Police stop data already shows Latinos are more likely to be stopped than Blacks in New Jersey, said Richie Rivera, a Peoples Organization for Progress member and local ACLU board member. Latinos, who often face a language barrier and are in the country illegally, quietly suffer the harassment, he explained.

"People are talking about these issues, but under their breath. What happens if racial profiling becomes the norm?" asked New York-based journalist Gil Noble, who lives in New Jersey and says he has been stopped by police.

It isn’t just ordinary people who are worried:

• Detroit’s new mayor says documents from the city law department files detailing the status of a Justice Department civil rights probe of the 4,175-person force are missing.
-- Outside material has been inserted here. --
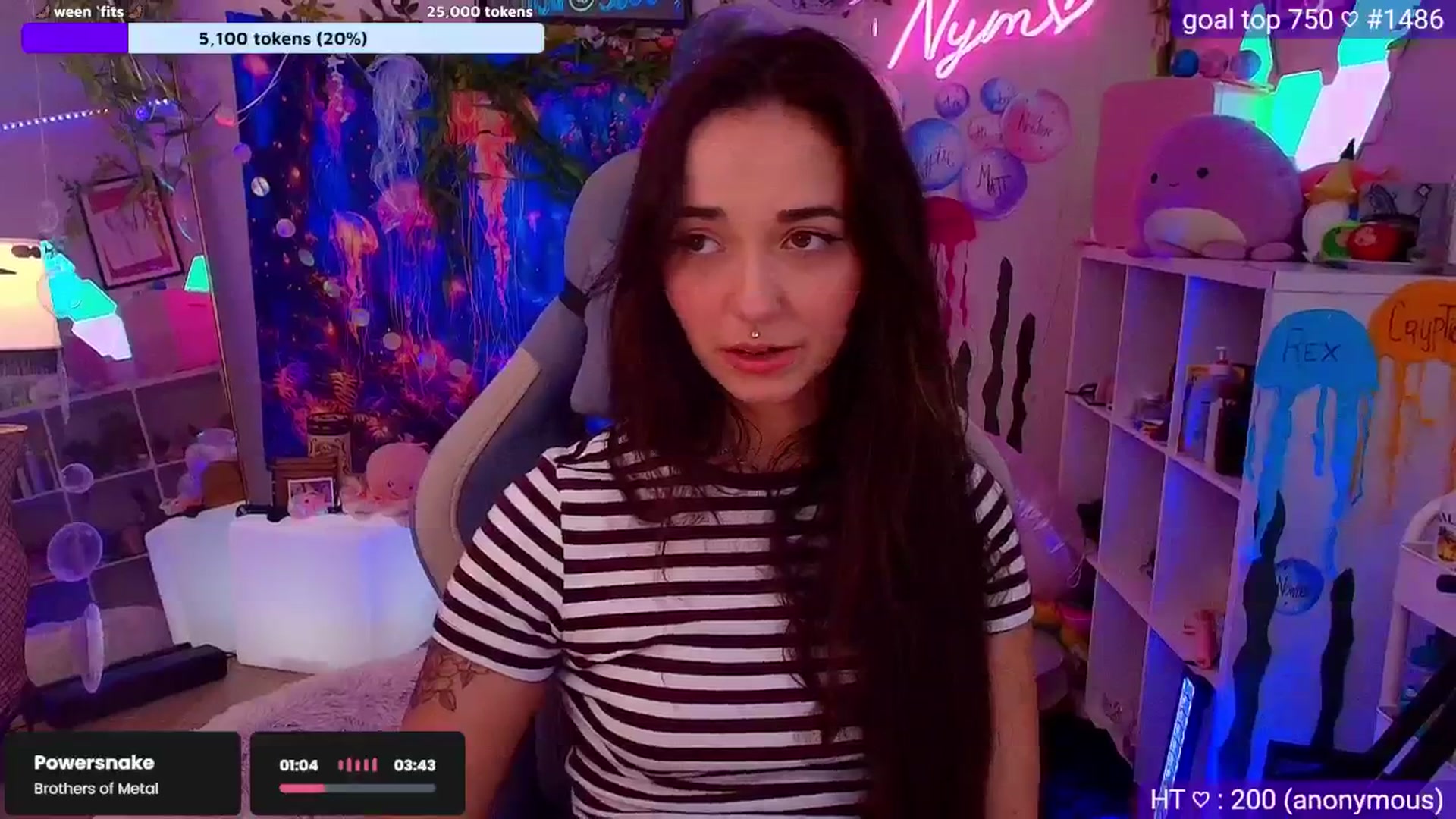 Gallery image thumbnail from Nym_x's myfreecams stream on, 08/21/2025, 04:16 image 10 of 20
The Detroit police department has been under federal investigation for over a year because of allegations of civil rights violations, including police shootings of civilians.
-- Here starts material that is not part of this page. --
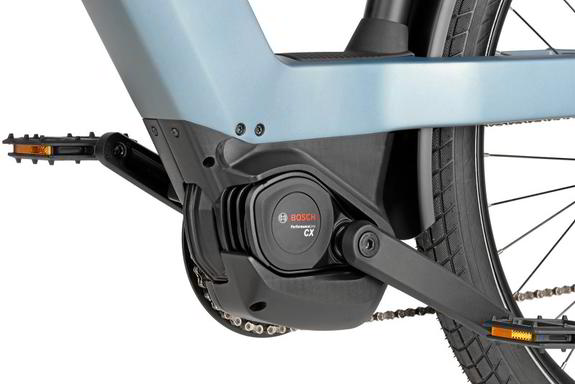 Nevo5: tiefer Durchstieg und Bosch Performance Line CX Gen5 Detail Riese & Müller Nevo5 – tiefer Durchstieg und Bosch Performance Line CX Gen5 Motor für komfortables Aufsteigen und kraftvolle Unterstützung.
• In the Nation’s Capitol, the Citizen Complaint Review Board, which monitors police misconduct, wants a better monitoring system for a force accused of having the country’s highest per rate for police shootings.

• The L.A. civilian review board has caused a stir by demanding a budget that allows for legal staff and researchers. It is trying to end its role as the rubber stamp for a police force with a history of corruption scandals and reputation for brutality. Last November, a federal consent decree mandated that LAPD document all police stops because of past racial profiling and other abuses.

Progressive police organizations, such as New York City’s 100 Blacks in Law Enforcement Who Care, fear targeting from within their own departments. The N.Y. group is suing NYPD for $80 million, alleging they were secretly monitored for over two years. "The goal of our lawsuit is to find out who authorized this illegal investigation," said Lt. Eric Adams, the group’s co-founder.

Sgt. Anthony Miranda, president of the NYC Latino Police Association, says NYPD’s action is chilling for those who are reform-minded. "We have guys saying that they want to join us, but we are hot, and some community activists admit the same thing," he said.

Mr. Hampton says Black police executives have to take a more proactive stance against police abuses. Some like Andrew Kirkland, the Black acting police chief in Portland, Oregon, who refused a Justice Department request to interrogate some 200 foreign students, deserve support, he said.

Larry Hamm. wants to see laws enacted that make racially profiling a crime and the New Jersey Assembly will re-introduce such a bill, according to former Essex County assemblyman LeRoy Jones. Mr. Jones believes that the new assembly, with a Democratic majority and even-divided State Senate may pass the legislation.

A similar federal law against racial profiling isn’t as likely. In an August hearing, as a U.S. Senate Subcommittee debated such a law, and Steve Young, national vice president for the powerful Fraternal Order of Police voiced opposition to the bill. "We oppose such a bill because there is a mistaken perception that the ugliness of racism is part of the culture of law enforcement," Mr. Young told senators.